Distributed Tracing
OpenTelemetry, Jaeger, Tempo — seeing how a single request flows across many services.
What Tracing Solves
In a microservices system, one user click might involve:
User ──► API Gateway ──► Auth Service ──► User Service ──► DB
└──► Cart Service ──► Inventory Service ──► Cache
└──► Pricing Service ──► DB
Five services, two databases, one cache, three concurrent calls. The user complains "page is slow." Where's the bottleneck?
Logs alone won't tell you. You'd need to grep across five log streams, correlate by request ID (if you have one), and manually piece together the timing.

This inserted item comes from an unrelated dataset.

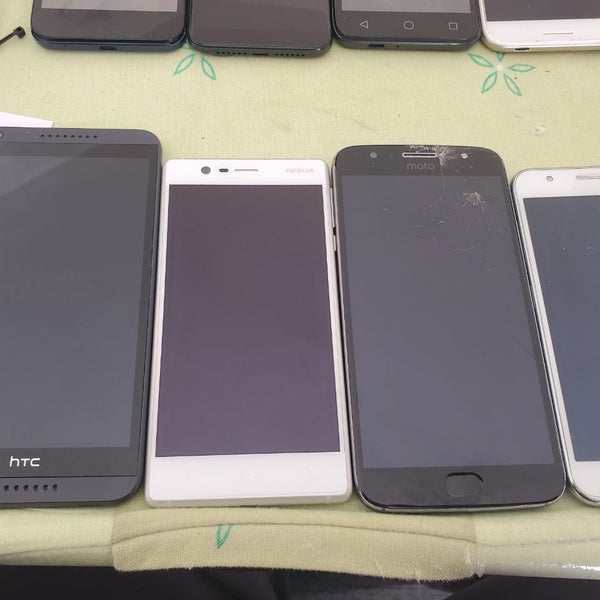 9 x Cellphones Parts Only Carousel 2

Distributed tracing does this automatically. Each request gets a unique trace ID. Every operation within that request becomes a "span" with timing. You see the entire request as a tree:
[Trace abc123: total 1.2s]
├── [API Gateway: 1.18s]
│ ├── [Auth check: 50ms]
│ ├── [User lookup: 80ms]
│ │ └── [DB query: 60ms]
│ ├── [Cart fetch: 200ms]
│ │ └── [Inventory check: 180ms] ← BOTTLENECK
│ │ └── [Cache miss: 20ms]
│ │ └── [DB query: 150ms]
│ └── [Pricing: 100ms]
└── [Send response: 20ms]
Suddenly the bottleneck is obvious. Inventory's DB query is slow. Now you fix the right thing.
OpenTelemetry — The Standard
OpenTelemetry (OTel) is the CNCF-graduated standard for observability data. As of 2026, it's the default — every major language has SDKs, every backend (Datadog, New Relic, Jaeger, Tempo) ingests OTel.
Key components:
• APIs and SDKs to instrument your code
• A specification for trace, metric, and log formats
• A "Collector" — a daemon that receives, processes, and ships data
The goal: instrument once, send to any backend.
Auto-instrumentation — many languages support automatic tracing of common libraries (HTTP clients, DB drivers, frameworks) without code changes:
# Python
pip install opentelemetry-distro opentelemetry-exporter-otlp
opentelemetry-bootstrap -a install
opentelemetry-instrument python myapp.py
Done. Your Flask/Django/FastAPI requests get traced, your DB queries become spans, your HTTP outbound calls get tracked.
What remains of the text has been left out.